▸ SUPPLIED DATA
------------------------------------

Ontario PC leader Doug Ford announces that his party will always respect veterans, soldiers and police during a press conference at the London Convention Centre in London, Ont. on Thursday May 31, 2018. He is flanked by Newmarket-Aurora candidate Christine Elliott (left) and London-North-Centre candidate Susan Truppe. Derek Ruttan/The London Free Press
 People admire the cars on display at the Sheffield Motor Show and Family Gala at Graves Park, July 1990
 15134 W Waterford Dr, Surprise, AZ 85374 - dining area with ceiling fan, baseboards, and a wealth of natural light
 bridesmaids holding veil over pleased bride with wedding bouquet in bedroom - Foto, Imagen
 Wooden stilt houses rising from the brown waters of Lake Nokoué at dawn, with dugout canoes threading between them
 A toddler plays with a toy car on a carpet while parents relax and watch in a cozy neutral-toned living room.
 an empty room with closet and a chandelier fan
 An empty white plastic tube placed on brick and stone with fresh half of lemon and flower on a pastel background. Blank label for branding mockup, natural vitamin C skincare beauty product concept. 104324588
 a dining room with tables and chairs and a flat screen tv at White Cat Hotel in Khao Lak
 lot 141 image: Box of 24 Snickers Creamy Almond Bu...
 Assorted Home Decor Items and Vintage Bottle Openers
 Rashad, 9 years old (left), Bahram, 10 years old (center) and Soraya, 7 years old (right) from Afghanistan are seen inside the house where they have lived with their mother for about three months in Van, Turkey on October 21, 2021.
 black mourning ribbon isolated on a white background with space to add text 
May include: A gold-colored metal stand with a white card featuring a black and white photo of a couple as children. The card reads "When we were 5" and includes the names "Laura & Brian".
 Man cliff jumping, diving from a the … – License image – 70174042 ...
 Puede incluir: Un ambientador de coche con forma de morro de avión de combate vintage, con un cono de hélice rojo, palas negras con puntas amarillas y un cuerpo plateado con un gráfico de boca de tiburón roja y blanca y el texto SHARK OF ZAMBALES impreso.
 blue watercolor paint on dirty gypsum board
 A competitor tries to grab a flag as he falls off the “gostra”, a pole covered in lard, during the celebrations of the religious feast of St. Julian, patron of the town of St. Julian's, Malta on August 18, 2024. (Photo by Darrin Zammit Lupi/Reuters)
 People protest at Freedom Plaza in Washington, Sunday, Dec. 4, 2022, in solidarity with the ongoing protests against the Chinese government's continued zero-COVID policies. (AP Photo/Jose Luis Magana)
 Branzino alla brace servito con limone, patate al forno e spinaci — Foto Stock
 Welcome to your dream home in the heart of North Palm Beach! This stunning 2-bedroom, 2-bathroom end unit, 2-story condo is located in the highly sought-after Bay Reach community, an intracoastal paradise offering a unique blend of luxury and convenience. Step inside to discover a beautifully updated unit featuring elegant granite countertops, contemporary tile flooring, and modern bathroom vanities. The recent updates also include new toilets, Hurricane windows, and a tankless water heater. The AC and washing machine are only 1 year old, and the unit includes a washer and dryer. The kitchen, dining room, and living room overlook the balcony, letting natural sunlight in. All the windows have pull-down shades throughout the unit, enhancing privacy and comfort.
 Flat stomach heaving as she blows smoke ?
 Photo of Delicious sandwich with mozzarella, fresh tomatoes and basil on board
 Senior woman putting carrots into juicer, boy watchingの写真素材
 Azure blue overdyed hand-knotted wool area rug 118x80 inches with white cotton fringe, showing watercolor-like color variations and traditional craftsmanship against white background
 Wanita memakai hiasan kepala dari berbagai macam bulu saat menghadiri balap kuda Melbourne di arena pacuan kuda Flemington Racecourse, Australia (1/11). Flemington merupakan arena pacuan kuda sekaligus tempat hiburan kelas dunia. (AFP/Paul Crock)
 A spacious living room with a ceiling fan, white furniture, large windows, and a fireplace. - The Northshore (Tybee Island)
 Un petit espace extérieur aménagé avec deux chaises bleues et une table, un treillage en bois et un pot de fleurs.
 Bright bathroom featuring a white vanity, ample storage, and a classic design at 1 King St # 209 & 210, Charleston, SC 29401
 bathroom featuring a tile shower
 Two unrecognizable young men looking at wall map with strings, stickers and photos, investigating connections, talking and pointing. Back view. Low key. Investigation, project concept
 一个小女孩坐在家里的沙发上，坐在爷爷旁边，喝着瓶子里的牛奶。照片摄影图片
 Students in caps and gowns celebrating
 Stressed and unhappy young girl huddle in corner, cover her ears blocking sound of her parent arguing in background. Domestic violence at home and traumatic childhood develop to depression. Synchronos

------------------------------------

Look through the entries above and copy each line that has "against" in it.

▸ WORKED SOLUTION
 People protest at Freedom Plaza in Washington, Sunday, Dec. 4, 2022, in solidarity with the ongoing protests against the Chinese government's continued zero-COVID policies. (AP Photo/Jose Luis Magana)
 Azure blue overdyed hand-knotted wool area rug 118x80 inches with white cotton fringe, showing watercolor-like color variations and traditional craftsmanship against white background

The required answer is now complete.